On trouvera une description complète de l’approche dans l’ouvrage de Payette et Champagne (1997), mais une série d’étapes est habituellement suivie. Le travail débute après les étapes préalables nécessaires à la mise sur pied du groupe, à l’adoption du contrat de fonctionnement, à la mise en place d’un climat de confiance et de bienveillance et à l’habilitation des participants dans les rôles de client et de consultant qu’ils sont invités à expérimenter. Le client peut être déterminé à l’avance, mais revu si un sujet plus urgent émerge chez un autre participant. Un exercice menant à identifier les intentions d’apprentissage de chacun est aussi réalisé avant de débuter la consultation.

Étape et aspects clés Déroulement
Préparation du client
(souvent désignée étape 0).
Prise de recul pour présenter efficacement.
Habituellement pré-identifié, le client prépare avant la rencontre le sujet qu’il compte présenter pour préparer les consultants à l’aider selon ses attentes.

Étape 1 – Exposé

Exposé du sujet en présentant les informations utiles pour se faire comprendre et être aidé.

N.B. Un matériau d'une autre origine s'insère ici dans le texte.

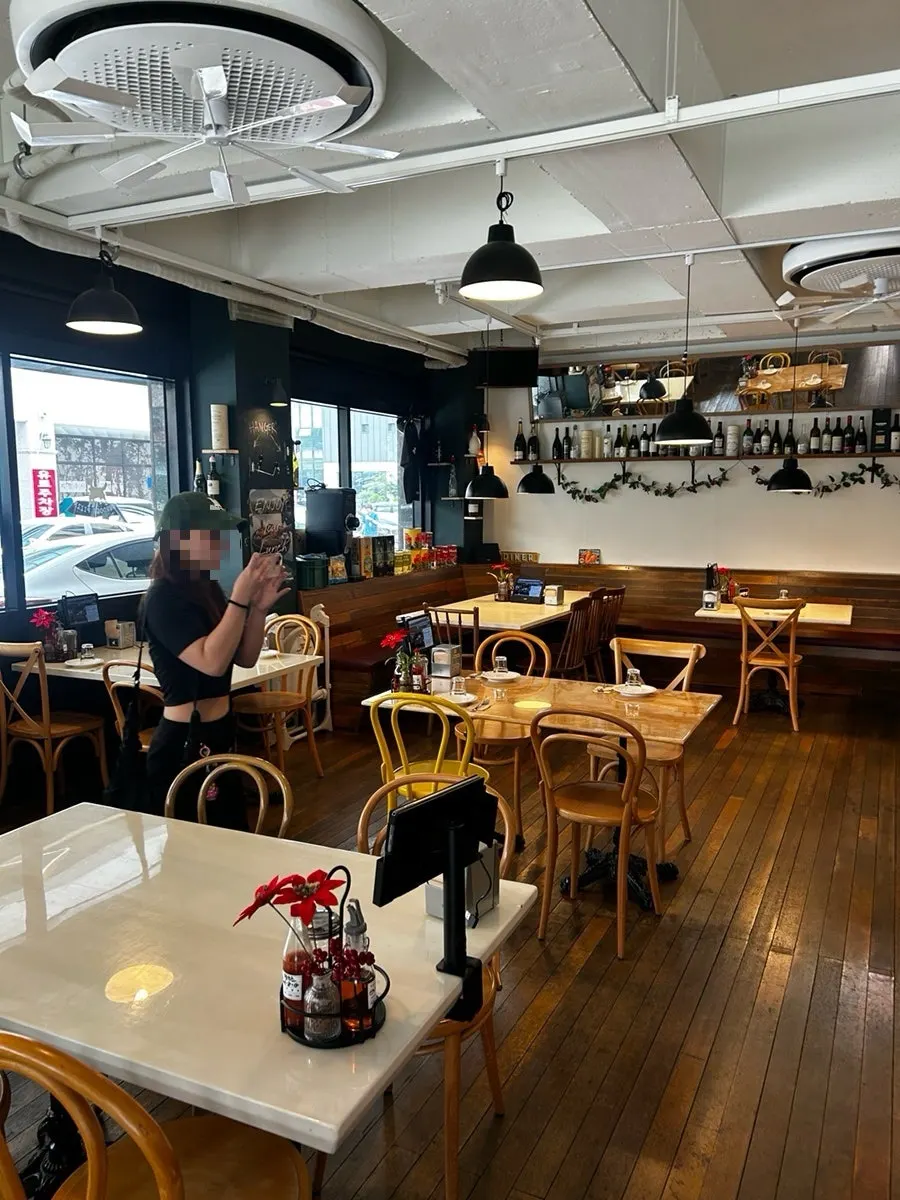 The fresh green atmosphere of The Pizzeria Market Hanam Misa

En présentant son sujet (un problème, une préoccupation, un projet), le client s’expose en exposant son sujet et précise ses attentes.
Les consultants écoutent.

Étape 2 – Clarification

Questions des consultants pour comprendre, sans inférer de solutions ou de pistes d’action.

Prise de conscience par le client de la clarté de sa présentation.

Les consultants posent des questions de clarification pour documenter et expliciter le sujet d’abord, puis des questions d’exploration pour élargir les perspectives auxquelles le client répond pour s’assurer d’être bien compris. Ils sont invités à adopter une position neutre et à ne pas proposer de solutions d’emblée. Il leur est proposé de s’assurer de bien comprendre le problème, le contexte et ce que vit le client.

Étape 3 – Contrat 

À partir de l’exposé, exploration par les consultants des angles que le client semble vouloir aborder.

Clarification des attentes du client.

Finalisation de la demande et de l’entente convenue.

Après un premier partage des compréhensions de la demande du client, le client précise ses attentes et convient avec le groupe d’un contrat pour la suite de la consultation. Ce contrat doit tenir compte du temps disponible et de la capacité de contribuer des participants.

Si la détermination du contrat amène à identifier de nouveaux angles pour lesquels une clarification supplémentaire est nécessaire, un retour à l’étape précédente peut s’avérer nécessaire.

Étape 4 – Partage (souvent désigné étape de consultation)

Réponses à la demande du client à partir des ressources des consultants.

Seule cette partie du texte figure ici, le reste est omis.